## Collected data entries
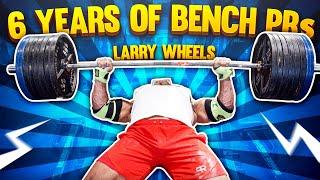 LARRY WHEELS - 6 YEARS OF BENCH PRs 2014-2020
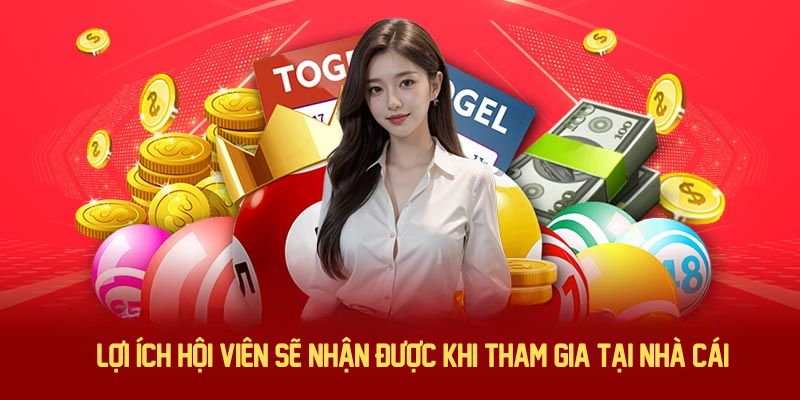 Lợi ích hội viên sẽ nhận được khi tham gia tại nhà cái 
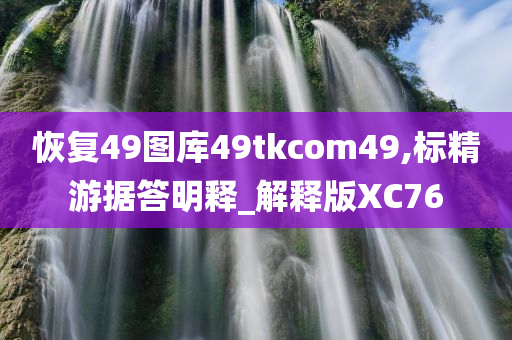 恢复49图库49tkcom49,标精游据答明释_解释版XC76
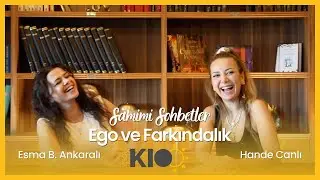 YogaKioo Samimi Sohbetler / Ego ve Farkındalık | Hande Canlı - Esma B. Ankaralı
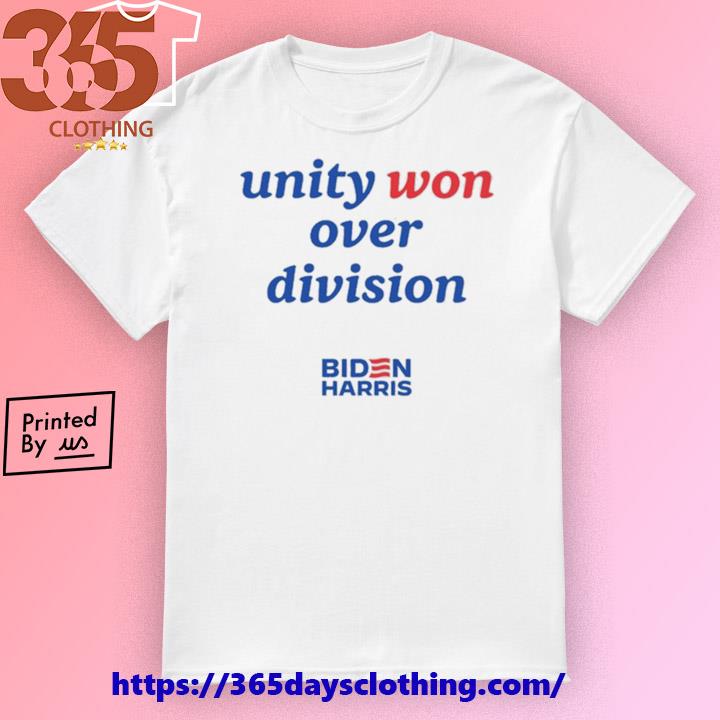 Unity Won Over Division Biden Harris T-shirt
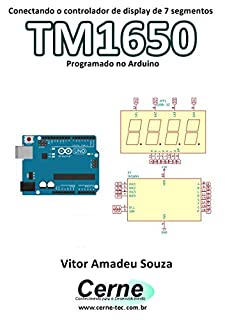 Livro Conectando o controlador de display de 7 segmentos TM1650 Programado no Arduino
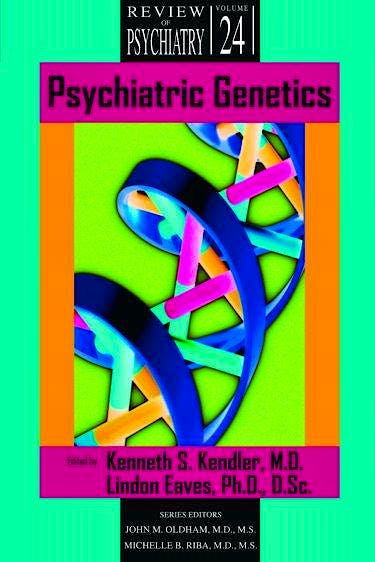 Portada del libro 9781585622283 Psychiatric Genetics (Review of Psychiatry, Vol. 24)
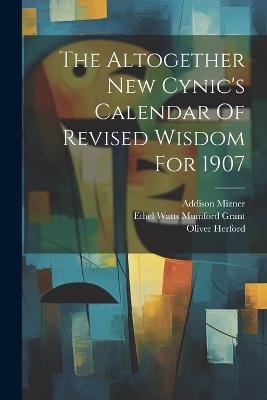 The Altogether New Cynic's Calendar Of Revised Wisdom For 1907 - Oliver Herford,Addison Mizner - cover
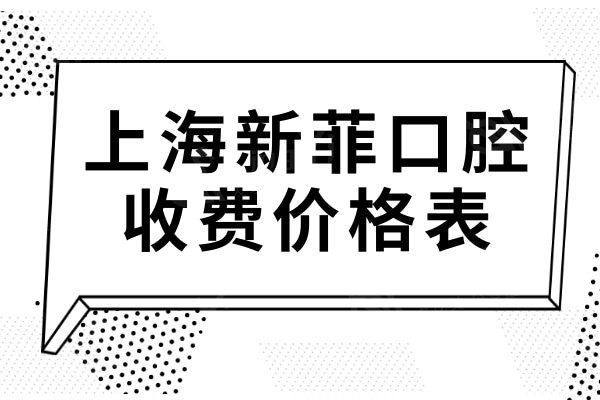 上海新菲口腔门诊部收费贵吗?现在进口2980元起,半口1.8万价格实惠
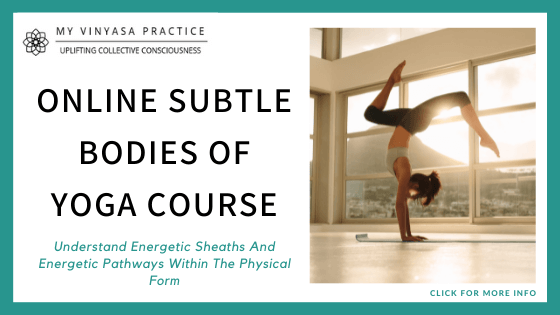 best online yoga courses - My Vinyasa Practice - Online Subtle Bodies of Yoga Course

## Required action
Make an exact copy of the records above. Keep out every picture.

## Exercise result
 LARRY WHEELS - 6 YEARS OF BENCH PRs 2014-2020
 Lợi ích hội viên sẽ nhận được khi tham gia tại nhà cái 
 恢复49图库49tkcom49,标精游据答明释_解释版XC76
 YogaKioo Samimi Sohbetler / Ego ve Farkındalık | Hande Canlı - Esma B. Ankaralı
 Unity Won Over Division Biden Harris T-shirt
 Livro Conectando o controlador de display de 7 segmentos TM1650 Programado no Arduino
 Portada del libro 9781585622283 Psychiatric Genetics (Review of Psychiatry, Vol. 24)
 The Altogether New Cynic's Calendar Of Revised Wisdom For 1907 - Oliver Herford,Addison Mizner - cover
 上海新菲口腔门诊部收费贵吗?现在进口2980元起,半口1.8万价格实惠
 best online yoga courses - My Vinyasa Practice - Online Subtle Bodies of Yoga Course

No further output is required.